Martin King: When Des and Bernadette arrived at  Townsville Hospital their son was in a coma.

Bernadette Byrne: It hit us, didn't it?

Des Byrne: Yeah.

Bernadette Byrne: We saw our son there, dying really.  They told us he was dying. On total life support, total life support. There  wasn't one part of his body that wasn't on some machine.

Martin King: Tell me what happened to your son's  body.

Bernadette Byrne: It completely shut down, everything  shut down. His body, well, it boiled, it boiled. Even they told us the bone  marrow boiled. It was so overheated. His body temperature was 42 degrees,  that's why he couldn't – they said he wouldn't live.

Karen Simpson: In Alan's case the employer has  failed to ensure that he was adequately hydrated and protected from such  extreme conditions.

Martin King: Karen Simpson from Slater &  Gordon in Brisbane is Alan's lawyer. His case is now one of Australia's biggest  WorkCover claims.

Karen Simpson: It's certainly a catastrophic sized  claim. Because of the lack of residual earning capacity for Alan, it will  result in very significant monetary compensation for him.

Des Byrne: One of the surgeons said "You don't  know it's happening to you until someone comes up behind you with a baseball  bat and goes whack, and that's it and you're down".

Martin King: It was the capable hands  of doctors in Townsville that saved Alan's life, but then a shocking complication.  He lost blood supply to his face and his facial bones began to dissolve.

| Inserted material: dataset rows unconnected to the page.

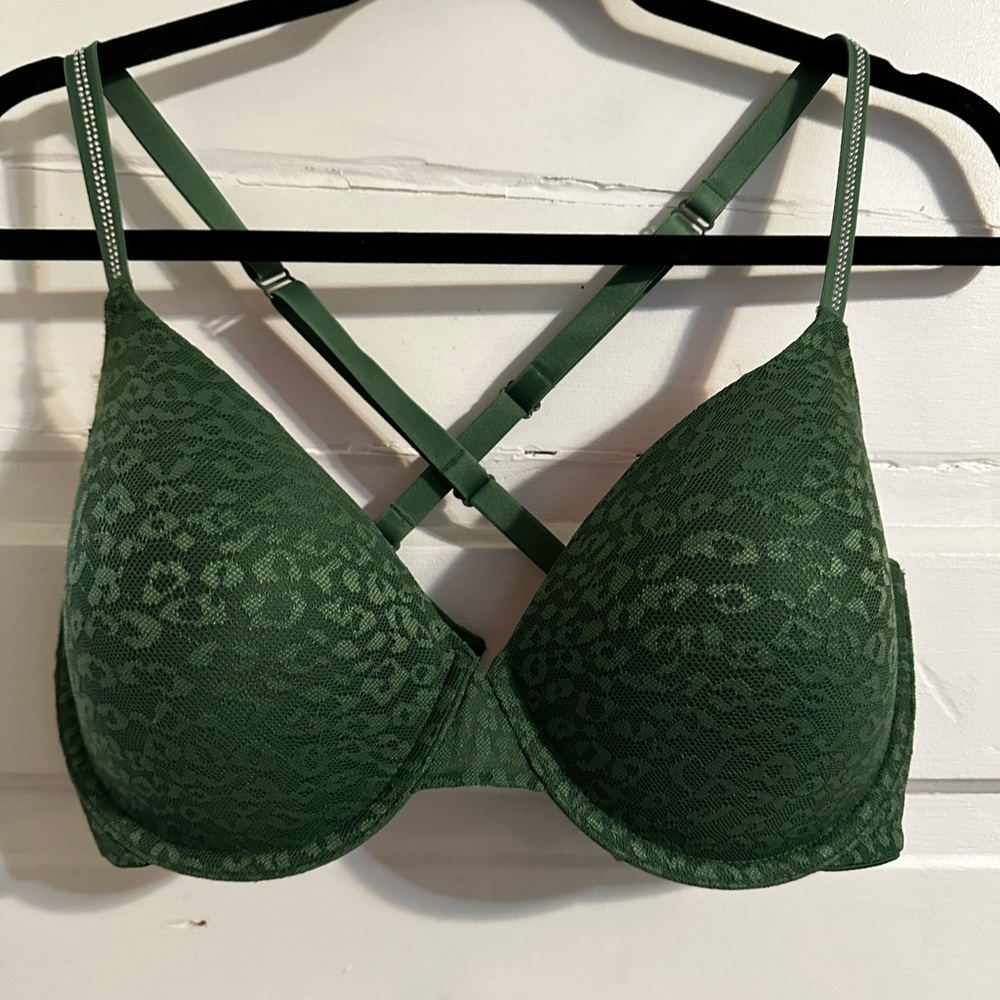Victoria’s Secret pink bra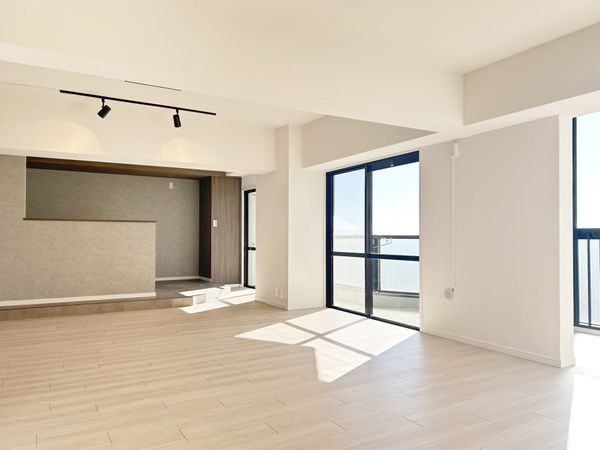 嵐山ロイアルハイツ 3号棟 リビング 嵐山ロイアルハイツ 3号棟 リビング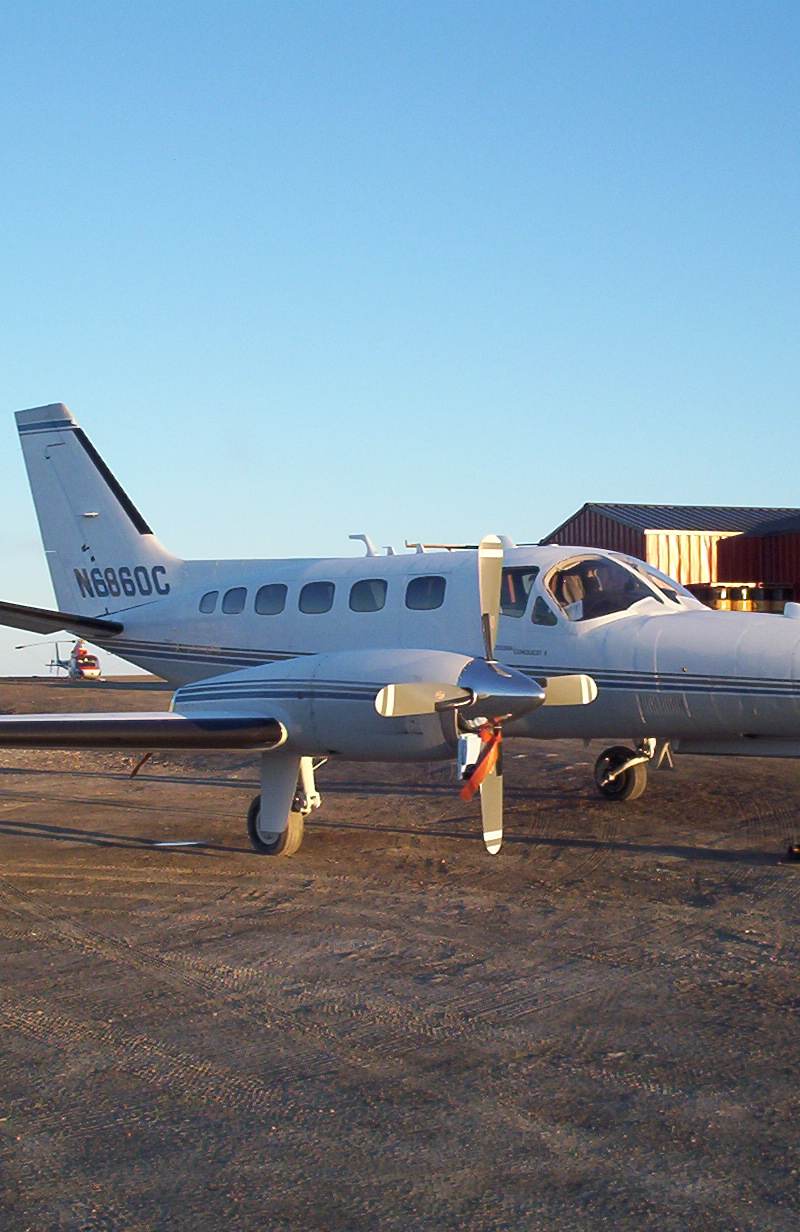 N6860C - Twin-engine aircraft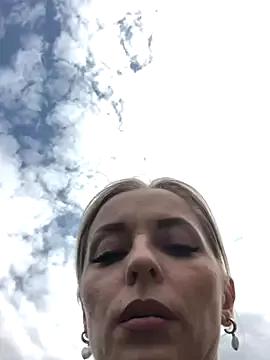 Freechat VikaBunny1 on StripChat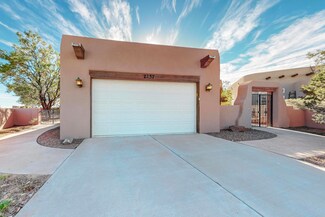 2257 Calle de Silverio SW, Los Lunas, NM 87031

Dr Andrew Heggie: Absolutely unusual, quite unique.

Martin King: Dr Andrew Heggie specialises in  facial surgery.

Dr Andrew Heggie: The three major components have been  replaced. There's the bone from the hip to replace the upper jaw. A rib graft  to reconstruct the nasal bridge and the contour. Then subsequently these  titanium implants so that a full bridge can be made to reconstruct his jaw and  bite.

Martin King: What is the one thing you would like  to do with your body?

Alan Byrne: Walk.

Martin King: Walk. Alan's legs are strong and  capable, it's the brain damage that's the problem.   What are your hopes for the future?

Alan Byrne: Work.

Martin King: What would you like to do for work?

Alan Byrne: Anything.

Martin King: Just anything? If you  can't work you might as well work out. Or go shooting. Or sailing. What is Alan's future?

Bernadette Byrne: Who knows? You've got to leave all  the doors open. Who knows? He's still our son and he's still absolutely  beautiful.